At heart, it's a portrait of a woman who's on the edge and doesn't quite know it. Michelle Williams plays Margot, a vaguely dissatisfied 28-year-old in middle-class Toronto married to Fozzy-Bear-cuddly Lou (Seth Rogen), who's writing a chicken cookbook.

Their relationship is happy, comfortable, dull, and involves a lot of baby talk (ugh) and mock-vicious threats, so when Margot meets hunky Daniel (Luke Kirby) on a plane and then discovers that they live opposite each other, you know that trouble's on the way. "I'm afraid of connections," she says, referring to her phobia around airports but meaning something, uh, deeper.

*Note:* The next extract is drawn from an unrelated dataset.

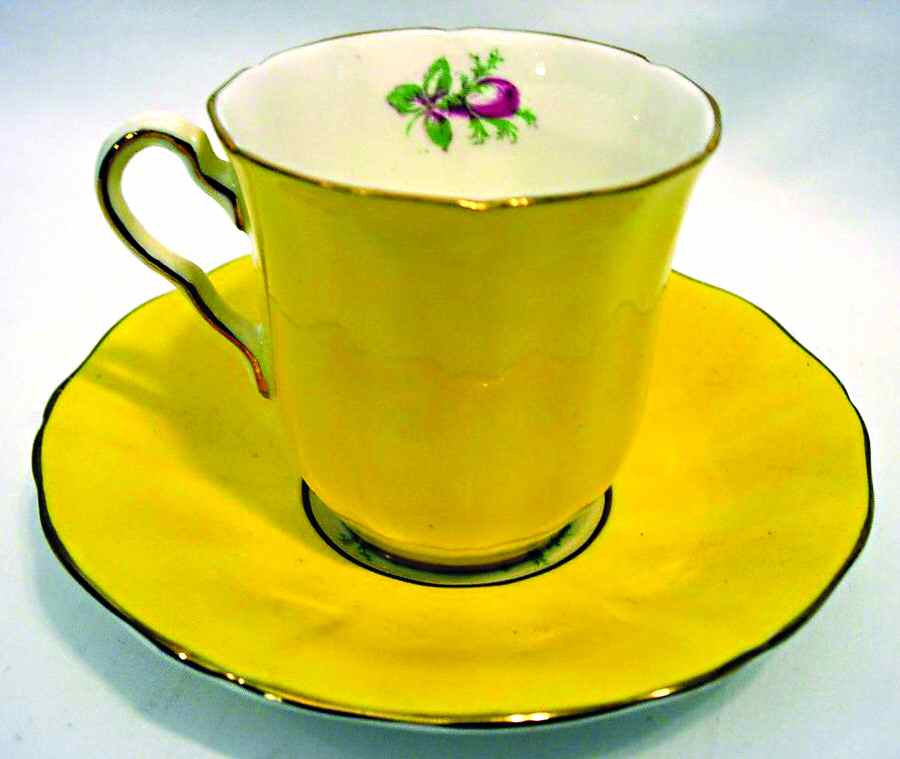 285 Footed Cup & Saucer Set by Adderley-1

The line illustrates Polley's shortcoming: she's a much better director than she is a writer. Her summoning of mood is tremendously assured, such as the scene in which Margot and Daniel ride a fairground waltzer to the yearning strains of "Video Killed The Radio Star" – and look broken by its sudden ending.

But the backstories ring false: Margot never seems to do any work (she's meant to be a freelance travel writer), Daniel is too well-off to be a rickshaw driver, and Lou looks like a guy who's never read, let alone written, a recipe in his life. Williams has fine expressive features, but she's often as annoying as she is adorable, too ready to wrap herself in a shawl of waifish victimhood.

After Wendy and Lucy, Blue Valentine, My Week With Marilyn and now this, I feel guilty saying that she can be a bit of a wet blanket. Take This Waltz has its moments, and a lot else you could call self-absorbed tripe.